Functional Programming and Intelligent Algorithms

Data preprocessing

Week 8:

1 Data preprocessing

At this point, the priority is to complete exercises implementing and using the neural network.

If you have time, the following exercises can give practice on the techniques from today’s lecture. They require a certain level of independence and may be challenging.

1.1 Missing values

Consider your own neural network and the Credit Approval data set.

1.
How can you encode the data?
2.
There are 37 cases having one or more missing values. Try to fill in missing values using techniques from today’s lecture. You can try using different techniques and compare the results.

1.2 Normalizing data

We know that feature A14 and A15 are in the range of [0, 2000] and [0, 100000], respectively. Normalize the data. Train and test your network again, then compare the results.

1.3 Feature selection

Try to remove features from the data set and see if it affects the performance. Which features can be removed with no penalty? Can any be removed for benefit?

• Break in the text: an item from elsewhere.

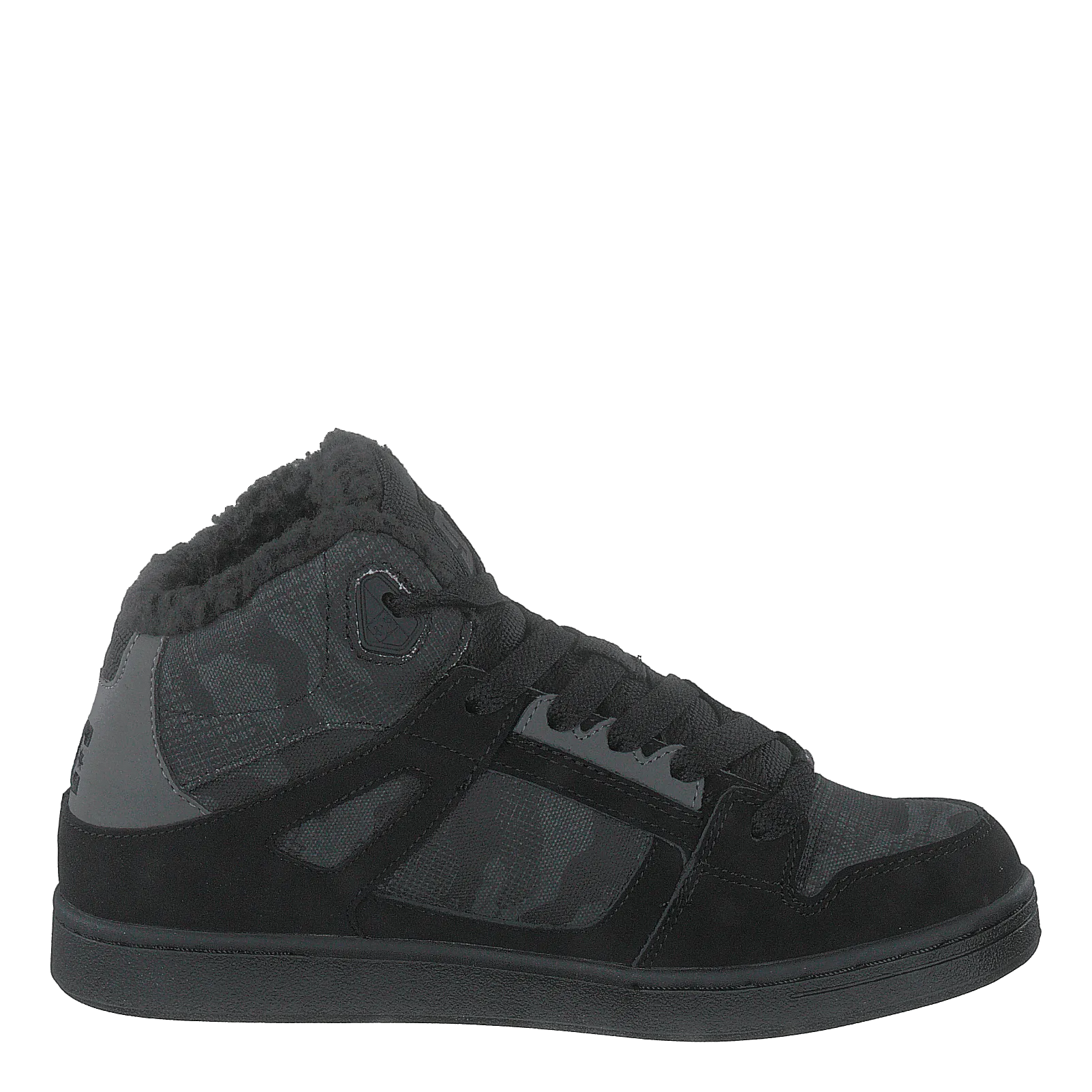 Pure High-top Wnt Black Camouflage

1.4 Feature extraction (optional)

In this exercise, we will apply PCA to reduce number of dimensions of the data set. You can implement PCA on your own if you are confident, or you can use this package. To install the package, run:

cabal update 
cabal install hstatistics
You can try different thresholds to find the principal components. Train and test your network again with the new data sets.


7th April 2017
Que Tran / qutr@ntnu.no